強制的にこれらの税金が徴収されますし、預貯金の利子は申告分離課税ですので、あらためて確定申告をする必要はありません。
そもそも申告することができません。

預貯金の受取利息・受取利子から税金が控除された時点で、課税関係は終了しています。

このような税金の納税方法を「源泉分離課税」といいます。


海外預金の受取利息・利子は、総合課税で申告が必要


同じ預貯金の利子でも、海外の銀行に預金した利子は、利子所得として分類され、総合課税の扱いとなっています。

海外預金の受取利息・利子が、国内預金の受取利息・利子のように、源泉分離課税ではなく総合課税となっているのは、海外の金融機関からは源泉徴収することができないからです。

受取利息・受取利子は、円に両替するしないにかかわらず、支払われた時点で所得と認識されます。

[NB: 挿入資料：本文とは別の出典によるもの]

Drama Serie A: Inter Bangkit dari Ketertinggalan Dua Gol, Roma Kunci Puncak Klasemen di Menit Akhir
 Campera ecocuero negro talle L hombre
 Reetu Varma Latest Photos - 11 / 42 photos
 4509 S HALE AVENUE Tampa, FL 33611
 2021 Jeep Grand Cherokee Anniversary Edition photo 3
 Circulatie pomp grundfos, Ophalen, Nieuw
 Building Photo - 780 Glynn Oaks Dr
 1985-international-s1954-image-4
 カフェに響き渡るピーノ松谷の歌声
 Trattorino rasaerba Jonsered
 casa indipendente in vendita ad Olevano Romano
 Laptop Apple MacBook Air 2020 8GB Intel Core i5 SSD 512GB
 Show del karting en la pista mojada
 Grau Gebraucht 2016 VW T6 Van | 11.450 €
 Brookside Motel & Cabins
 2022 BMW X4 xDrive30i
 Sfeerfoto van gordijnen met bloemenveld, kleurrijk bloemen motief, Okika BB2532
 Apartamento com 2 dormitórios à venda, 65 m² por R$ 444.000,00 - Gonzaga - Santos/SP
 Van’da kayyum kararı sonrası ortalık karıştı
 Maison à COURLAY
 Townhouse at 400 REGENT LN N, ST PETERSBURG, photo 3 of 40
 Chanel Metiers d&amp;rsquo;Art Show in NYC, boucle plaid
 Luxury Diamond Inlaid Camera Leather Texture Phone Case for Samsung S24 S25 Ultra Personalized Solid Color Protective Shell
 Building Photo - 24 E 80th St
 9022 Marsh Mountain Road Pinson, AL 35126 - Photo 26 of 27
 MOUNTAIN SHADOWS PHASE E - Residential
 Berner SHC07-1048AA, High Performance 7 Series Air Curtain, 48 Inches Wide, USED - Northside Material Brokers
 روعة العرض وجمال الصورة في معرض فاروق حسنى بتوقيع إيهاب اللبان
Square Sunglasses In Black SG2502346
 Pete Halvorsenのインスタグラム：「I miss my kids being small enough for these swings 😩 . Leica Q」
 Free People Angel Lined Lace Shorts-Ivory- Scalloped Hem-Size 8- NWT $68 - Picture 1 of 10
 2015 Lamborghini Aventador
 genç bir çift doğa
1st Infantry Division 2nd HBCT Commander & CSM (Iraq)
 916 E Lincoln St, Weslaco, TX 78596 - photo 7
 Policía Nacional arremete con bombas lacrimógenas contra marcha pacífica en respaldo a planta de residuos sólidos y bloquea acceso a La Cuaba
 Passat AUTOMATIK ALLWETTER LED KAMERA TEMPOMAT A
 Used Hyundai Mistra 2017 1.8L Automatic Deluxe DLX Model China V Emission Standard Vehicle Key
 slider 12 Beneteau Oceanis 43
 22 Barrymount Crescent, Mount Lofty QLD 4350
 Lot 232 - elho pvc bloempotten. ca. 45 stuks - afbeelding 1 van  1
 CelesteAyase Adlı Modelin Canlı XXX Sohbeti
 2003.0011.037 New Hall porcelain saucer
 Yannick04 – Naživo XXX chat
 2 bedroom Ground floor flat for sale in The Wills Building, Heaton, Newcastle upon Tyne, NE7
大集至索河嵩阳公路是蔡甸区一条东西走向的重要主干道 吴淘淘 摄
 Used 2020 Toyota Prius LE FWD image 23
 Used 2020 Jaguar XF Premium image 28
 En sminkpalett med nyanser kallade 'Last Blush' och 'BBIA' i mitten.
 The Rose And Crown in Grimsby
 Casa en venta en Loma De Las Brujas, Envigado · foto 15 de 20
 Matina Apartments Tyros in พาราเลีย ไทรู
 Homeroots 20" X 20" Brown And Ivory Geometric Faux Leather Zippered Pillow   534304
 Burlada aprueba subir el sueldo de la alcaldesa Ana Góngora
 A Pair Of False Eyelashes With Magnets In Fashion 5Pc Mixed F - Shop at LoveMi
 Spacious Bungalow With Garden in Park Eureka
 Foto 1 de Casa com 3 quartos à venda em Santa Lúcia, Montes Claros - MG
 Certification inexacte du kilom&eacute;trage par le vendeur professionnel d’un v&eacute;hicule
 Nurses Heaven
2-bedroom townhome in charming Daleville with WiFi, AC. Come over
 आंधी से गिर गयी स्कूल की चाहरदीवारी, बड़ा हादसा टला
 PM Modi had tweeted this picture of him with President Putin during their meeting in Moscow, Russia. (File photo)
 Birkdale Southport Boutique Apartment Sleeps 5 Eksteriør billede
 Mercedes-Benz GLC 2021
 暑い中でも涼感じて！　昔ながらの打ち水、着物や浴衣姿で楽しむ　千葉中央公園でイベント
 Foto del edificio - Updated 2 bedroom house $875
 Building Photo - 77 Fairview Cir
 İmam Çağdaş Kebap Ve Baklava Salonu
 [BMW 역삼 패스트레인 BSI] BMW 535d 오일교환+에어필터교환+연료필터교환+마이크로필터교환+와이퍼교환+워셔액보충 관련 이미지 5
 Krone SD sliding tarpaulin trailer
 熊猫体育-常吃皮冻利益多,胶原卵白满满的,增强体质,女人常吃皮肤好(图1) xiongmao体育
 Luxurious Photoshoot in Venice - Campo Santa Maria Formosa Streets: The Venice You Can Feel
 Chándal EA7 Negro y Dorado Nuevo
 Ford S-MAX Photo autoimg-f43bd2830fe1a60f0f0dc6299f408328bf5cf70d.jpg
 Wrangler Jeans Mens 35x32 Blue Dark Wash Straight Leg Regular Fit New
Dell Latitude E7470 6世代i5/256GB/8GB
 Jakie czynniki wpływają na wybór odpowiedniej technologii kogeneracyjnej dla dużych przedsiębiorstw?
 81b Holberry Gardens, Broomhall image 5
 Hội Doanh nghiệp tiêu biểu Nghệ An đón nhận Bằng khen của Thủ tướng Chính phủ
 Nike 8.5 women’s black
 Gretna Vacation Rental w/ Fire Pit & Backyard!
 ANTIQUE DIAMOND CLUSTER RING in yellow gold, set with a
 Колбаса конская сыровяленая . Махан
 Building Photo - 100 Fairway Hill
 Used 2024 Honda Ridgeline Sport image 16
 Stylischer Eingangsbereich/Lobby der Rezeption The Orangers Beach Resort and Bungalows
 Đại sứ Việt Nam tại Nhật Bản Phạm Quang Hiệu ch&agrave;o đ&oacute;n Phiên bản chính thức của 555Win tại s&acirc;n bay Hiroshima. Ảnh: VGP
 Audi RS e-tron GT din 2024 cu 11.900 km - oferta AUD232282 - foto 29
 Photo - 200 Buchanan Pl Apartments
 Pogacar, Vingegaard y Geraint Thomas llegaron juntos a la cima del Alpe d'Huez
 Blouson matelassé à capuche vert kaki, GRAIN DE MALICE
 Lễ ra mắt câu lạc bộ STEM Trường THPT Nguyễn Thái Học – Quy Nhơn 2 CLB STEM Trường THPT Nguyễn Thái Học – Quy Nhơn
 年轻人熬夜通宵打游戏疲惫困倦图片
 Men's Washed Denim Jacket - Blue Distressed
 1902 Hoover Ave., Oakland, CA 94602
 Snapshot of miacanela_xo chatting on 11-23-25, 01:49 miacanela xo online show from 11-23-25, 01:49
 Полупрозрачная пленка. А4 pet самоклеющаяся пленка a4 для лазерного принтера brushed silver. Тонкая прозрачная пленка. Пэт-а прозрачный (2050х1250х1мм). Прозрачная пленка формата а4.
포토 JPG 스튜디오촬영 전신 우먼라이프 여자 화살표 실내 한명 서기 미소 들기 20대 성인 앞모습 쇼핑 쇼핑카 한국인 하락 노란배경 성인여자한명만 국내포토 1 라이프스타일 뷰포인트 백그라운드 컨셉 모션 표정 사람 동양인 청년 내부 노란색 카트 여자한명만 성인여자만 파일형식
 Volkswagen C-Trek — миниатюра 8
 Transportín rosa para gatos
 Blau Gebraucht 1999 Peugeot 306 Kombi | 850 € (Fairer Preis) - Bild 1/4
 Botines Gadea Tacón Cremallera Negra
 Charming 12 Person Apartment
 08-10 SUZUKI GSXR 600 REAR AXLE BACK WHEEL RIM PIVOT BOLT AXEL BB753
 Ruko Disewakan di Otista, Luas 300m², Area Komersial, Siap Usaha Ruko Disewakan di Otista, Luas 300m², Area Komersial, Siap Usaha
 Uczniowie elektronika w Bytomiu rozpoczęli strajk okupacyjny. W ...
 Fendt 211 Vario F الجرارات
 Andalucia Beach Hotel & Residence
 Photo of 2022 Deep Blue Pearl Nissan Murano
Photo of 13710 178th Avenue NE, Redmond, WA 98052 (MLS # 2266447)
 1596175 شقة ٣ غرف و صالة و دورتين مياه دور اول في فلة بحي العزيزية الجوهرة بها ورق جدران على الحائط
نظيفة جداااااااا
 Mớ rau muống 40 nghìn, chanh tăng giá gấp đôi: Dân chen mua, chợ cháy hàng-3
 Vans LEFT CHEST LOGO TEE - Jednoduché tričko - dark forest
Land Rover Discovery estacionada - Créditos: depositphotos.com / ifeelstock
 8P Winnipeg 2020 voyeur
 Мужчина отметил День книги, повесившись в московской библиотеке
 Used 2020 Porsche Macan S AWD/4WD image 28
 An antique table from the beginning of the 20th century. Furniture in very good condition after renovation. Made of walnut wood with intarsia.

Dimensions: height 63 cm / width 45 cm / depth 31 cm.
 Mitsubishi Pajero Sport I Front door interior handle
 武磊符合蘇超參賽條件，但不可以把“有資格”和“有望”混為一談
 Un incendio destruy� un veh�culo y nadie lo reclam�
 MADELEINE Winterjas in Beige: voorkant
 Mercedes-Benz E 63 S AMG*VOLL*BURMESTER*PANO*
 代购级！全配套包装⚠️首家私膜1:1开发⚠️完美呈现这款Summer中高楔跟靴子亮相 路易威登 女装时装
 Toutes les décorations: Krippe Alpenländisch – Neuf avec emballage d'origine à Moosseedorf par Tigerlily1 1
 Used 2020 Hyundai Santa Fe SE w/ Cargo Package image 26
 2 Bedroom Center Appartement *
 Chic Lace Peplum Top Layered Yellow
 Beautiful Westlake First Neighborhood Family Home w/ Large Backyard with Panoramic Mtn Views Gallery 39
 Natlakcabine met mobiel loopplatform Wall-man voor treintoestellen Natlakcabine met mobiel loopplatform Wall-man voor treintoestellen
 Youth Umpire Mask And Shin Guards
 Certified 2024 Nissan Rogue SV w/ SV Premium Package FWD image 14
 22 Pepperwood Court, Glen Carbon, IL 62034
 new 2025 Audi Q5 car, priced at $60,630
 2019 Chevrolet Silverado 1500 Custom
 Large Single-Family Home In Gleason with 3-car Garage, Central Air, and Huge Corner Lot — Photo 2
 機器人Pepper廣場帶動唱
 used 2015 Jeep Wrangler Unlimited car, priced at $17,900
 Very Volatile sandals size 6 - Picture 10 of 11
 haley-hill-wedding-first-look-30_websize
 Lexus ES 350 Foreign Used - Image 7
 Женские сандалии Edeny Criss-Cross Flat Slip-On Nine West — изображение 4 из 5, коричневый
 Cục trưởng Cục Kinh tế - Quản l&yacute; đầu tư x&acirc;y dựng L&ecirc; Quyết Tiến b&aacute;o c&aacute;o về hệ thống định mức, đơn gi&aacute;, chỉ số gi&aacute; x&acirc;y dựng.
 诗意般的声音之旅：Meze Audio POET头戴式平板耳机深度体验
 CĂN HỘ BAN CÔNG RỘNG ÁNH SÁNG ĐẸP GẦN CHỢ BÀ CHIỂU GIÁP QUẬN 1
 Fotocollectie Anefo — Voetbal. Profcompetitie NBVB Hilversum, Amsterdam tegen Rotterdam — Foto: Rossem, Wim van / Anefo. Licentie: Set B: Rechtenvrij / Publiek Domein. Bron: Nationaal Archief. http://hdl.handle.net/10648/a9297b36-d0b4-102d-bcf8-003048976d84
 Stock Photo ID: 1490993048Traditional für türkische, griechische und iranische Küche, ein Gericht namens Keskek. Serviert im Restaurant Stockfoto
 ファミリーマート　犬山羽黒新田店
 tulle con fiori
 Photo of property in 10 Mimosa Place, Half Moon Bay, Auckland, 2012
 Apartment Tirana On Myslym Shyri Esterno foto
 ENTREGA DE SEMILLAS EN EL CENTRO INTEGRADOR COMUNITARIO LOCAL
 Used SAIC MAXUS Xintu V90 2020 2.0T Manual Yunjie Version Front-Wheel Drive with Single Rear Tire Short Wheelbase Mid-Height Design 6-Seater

その日の為替レートで円に換算し、他の所得と合算して確定申告することが必要です。




まとめ


友人などへの貸付金に対して受け取った利息・利子については、「雑所得」として原則確定申告が必要です。

国内の金融機関の預貯金に対してついた受取利息・利子についても、貸付金利息・利子と同じように「雑所得」に分類されますが、これは源泉分離課税となっていて、預金利息・利子から所得税などが強制的に控除され、確定申告は不要でした。

同じ預貯金に対する受取利息・受取利子でも、海外の金融機関の預金についた受取利息については、確定申告が必要でした。

上記を参考に、これらの区分を間違えることなく、申告が必要であれば、翌年3月15日までに税務署へ確定申告書を提出してください。